Consider the humble loaf of bread. Regular sandwich bread costs a couple of dollars and lasts roughly a week, making it a staple of family lunches. The “artisan,” handmade breads of the Learjet and Prius crowd cost double that and don’t last as long. And while Moss, Pollan, Warner and their legions can afford to waste food and spend extra money to satisfy their “food rules,” the majority of Americans can’t, especially with the current poor economy.

But is food processing really the evil these authors make it out to be? We might start listening to them if they ever give up the “Holy Trinity” of “foodie” goodness: fine wine, fancy sausages, and stinky cheese. All three (despite Warner’s desperate protestation to the contrary in cheese’s case) are processed. There are no wine lakes, cheese trees, or animals made of charcuterie. All are manipulated by humans, have added ingredients, and have been so forever. Before people, they did not exist.

And — quelle horreur — all three have been refined to taste very good!
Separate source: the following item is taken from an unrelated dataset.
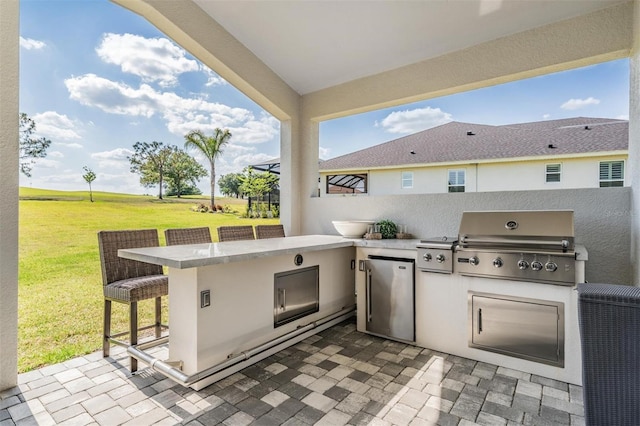 view of patio / terrace featuring a grill, area for grilling, and outdoor wet bar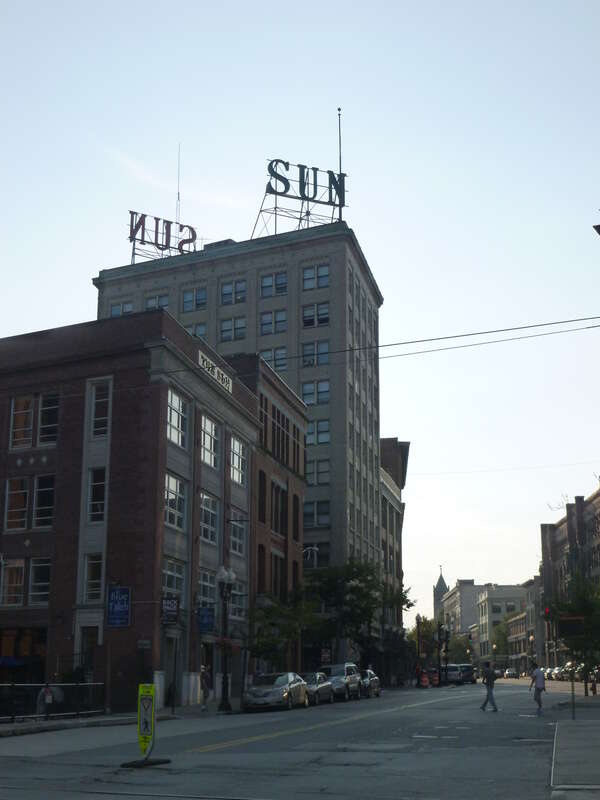 The Lowell Sun building, located at 491 Dutton Street, Lowell, Massachusetts.  East and north sides of building shown, as viewed from the east along East Merrimack Street.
Just ask noted vintner Leslie Rudd, benefactor of the Rudd Center for Professional Wine Studies as well as the “food addiction” think tank, the Rudd Center for Food Policy and Obesity. Eons of trial and error, science, and plant engineering  have left Mr. Rudd with a vintage that rates 99 out of 100 possible wine-tasting points. And like they have with wines, the French most famously perfected the tastes of cheese and charcuterie meats (although other cultures made similar efforts).

Additionally, all three have as a benefit a property that Warner uses to bash modern food processing: preservation. Wine keeps longer than grapes. Cheese keeps longer than milk. And almost every meat-eating culture has used sausages as a method to keep meats edible.

These benefits now have been made available to everybody, and only now do our elites think it’s a problem. (Old-time doctors didn’t worry incessantly about a ruling-class “gout epidemic.”) But America is still democratic in character, and recent polling shows that most of us don’t share the jet set’s desire to take away our choices.